As I already mentioned The Great White Shark Diving Industry is big business. It’s in the top 3 attractions in Cape Town and its estimated 150,000 people go cage diving every year. Perhaps the greatest example of sustainable utilisation of a species is Gansbaai. This once sleepy little fishing village is now the Shark Diving Capitol of the world. The industry here as well as in False Bay and Mossel Bay sustains hotels, guest houses, restaurants and gift stores. And this is not including job creation within the industry which is one of South Africa’s primary goals.

 

It doesn’t matter who you speak to, just about everyone has an opinion on sharks. Sharks are either passionately loved or feared. The word “shark” evokes intense emotion from people of all walks of life.

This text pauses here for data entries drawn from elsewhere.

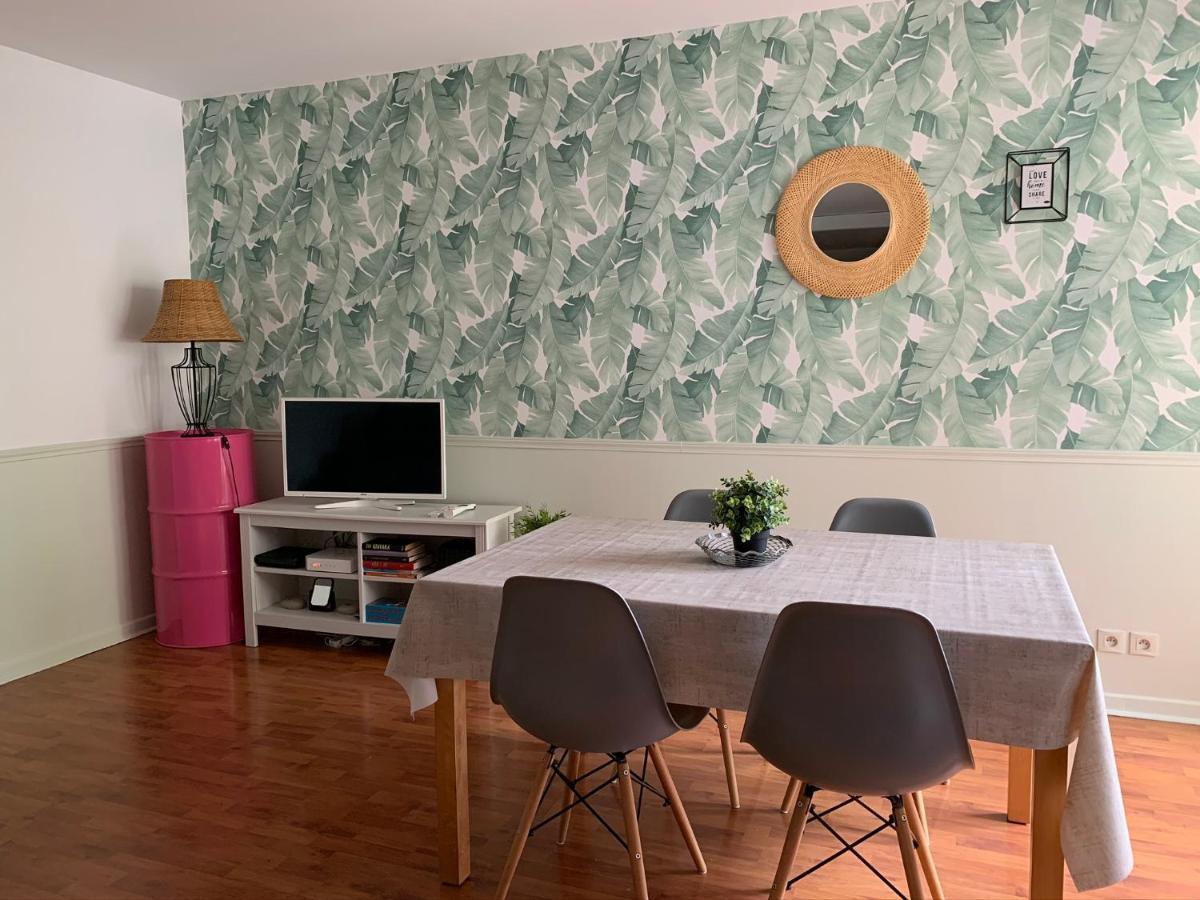 Disney, Comfortable 2 Bedrooms Family Apartment, 7 Pers, Wifi, Netflix Chessy  Exteriör bild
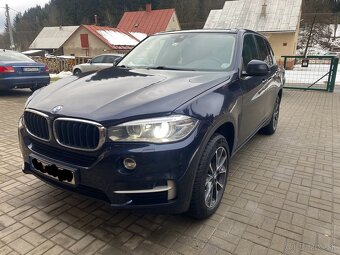 Bmw x5 f15 25xd - 4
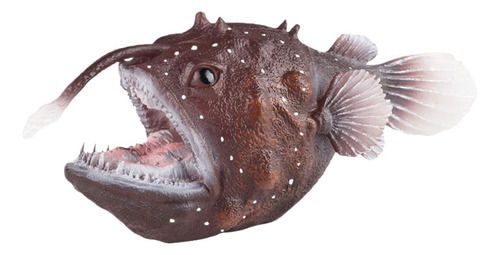 Figuras De Juguete De Pescador, Criaturas De Para Regalo De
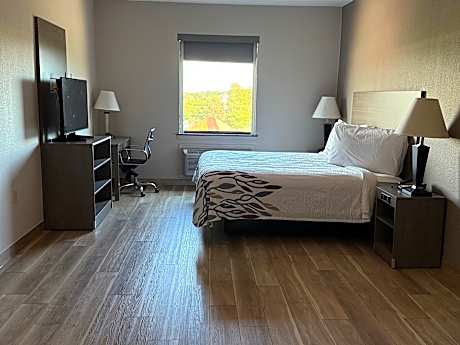 Deluxe King Room Non-Smoking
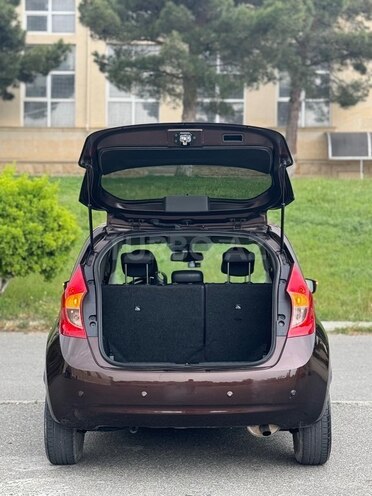 Nissan Note 2015, 65,000 km - 1.2 l - Bakı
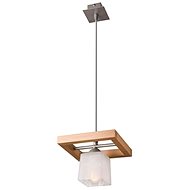 Chandelier on cable MARTYNA 1xE14/40W/230V - Chandelier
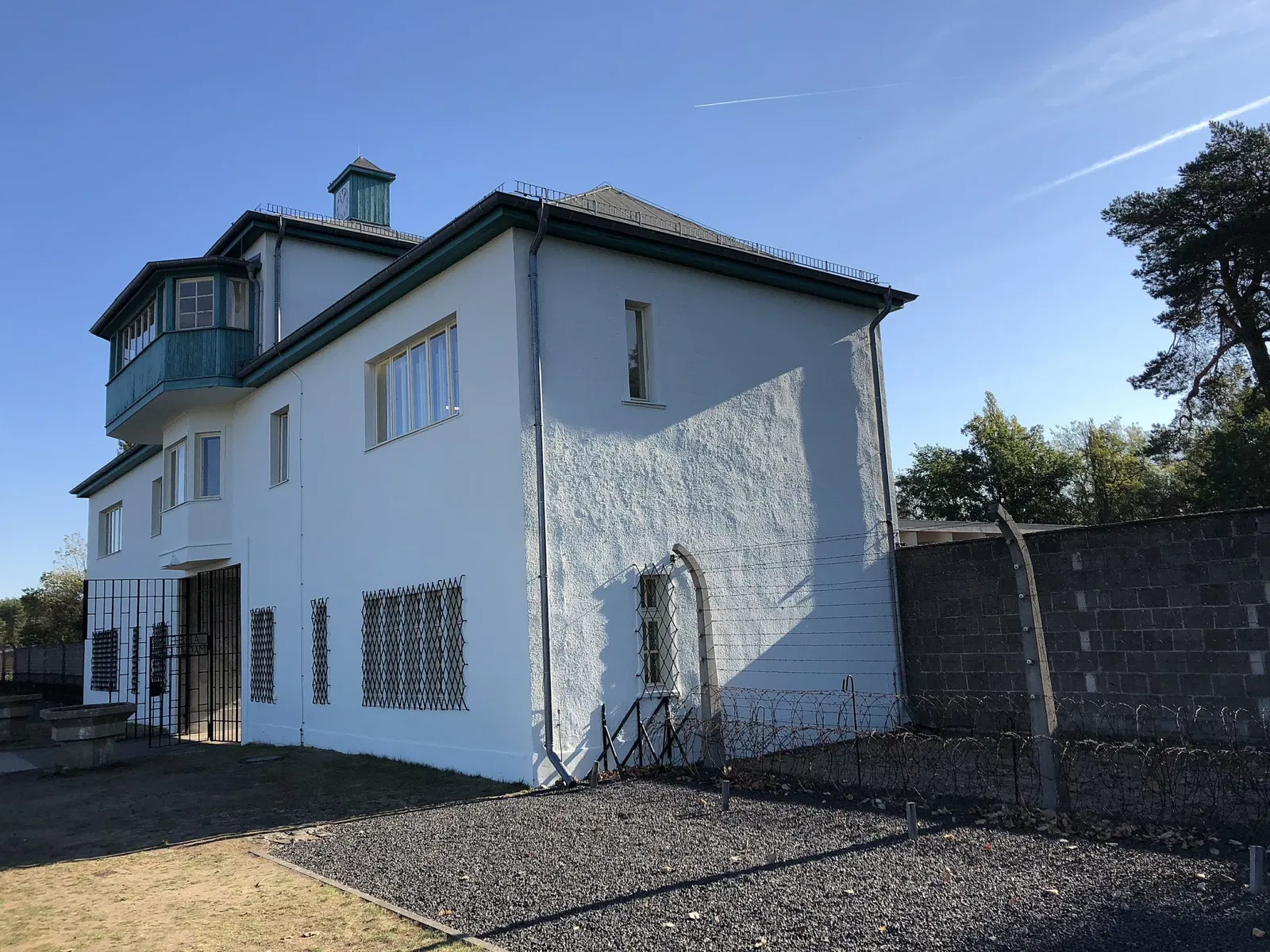 Memorial and Museum Sachsenhausen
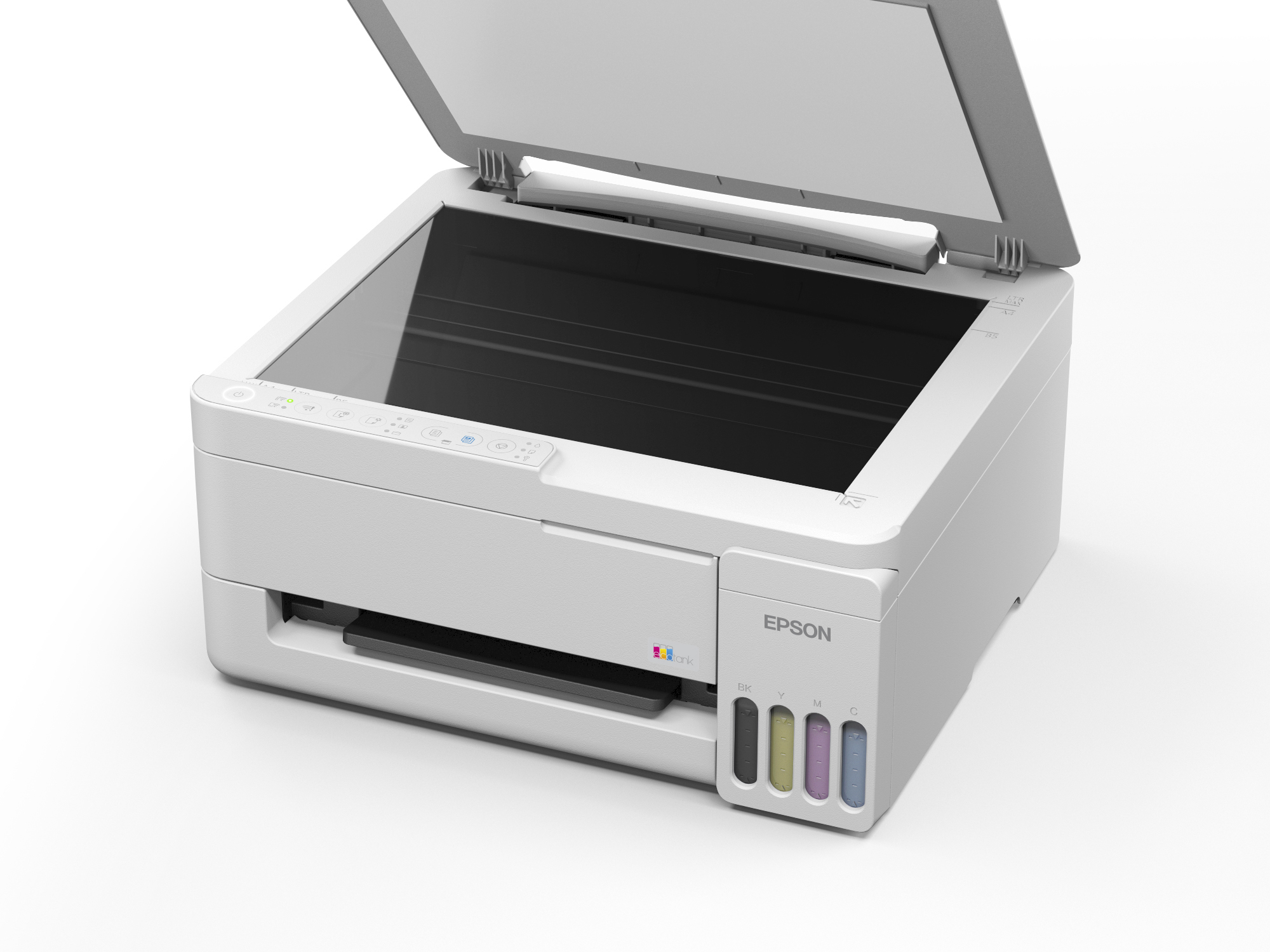 Epson EcoTank | L3356 | Inkjet | Colour | Multifuction Printer | A4 | Wi-Fi | White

Let’s face it sharks are iconic animals that many people would like to see and the shark cage diving industry gives people the opportunity of this experience.

 

Guests that come out to face their fear of a great white shark are always turned around once they see a great white shark in its natural environment and gain a true understanding. They leave as newly converted shark lovers and go forth to spread the positive awareness of a magnificent super predator.

For many others it is a life dream to see a great white shark in the flesh and to be able to realise this dream is an absolute life highlight.

With so many people each year being able to have this wildlife experience the positive awareness of sharks is growing all the time and this is definitely playing a very important role in the conservation of this species.

Many natural history film teams, documentary crews and wildlife photographers have the opportunity to film and photograph sharks each year. Their reach is ultimately achieving the same results and the tide is turning. Through exposure and awareness of sharks more and more people are becoming accepting of the very important place that sharks have on our planet.

 

It’s my opinion that the shark cage diving industry is vital to the survival of the species. It is also my hope that with the awareness of the down side of the industry we can all work towards improvement so that the positives can shine through and we can truly celebrate the privilege of the presence of great white sharks in our oceans and around our eco-tourism vessels.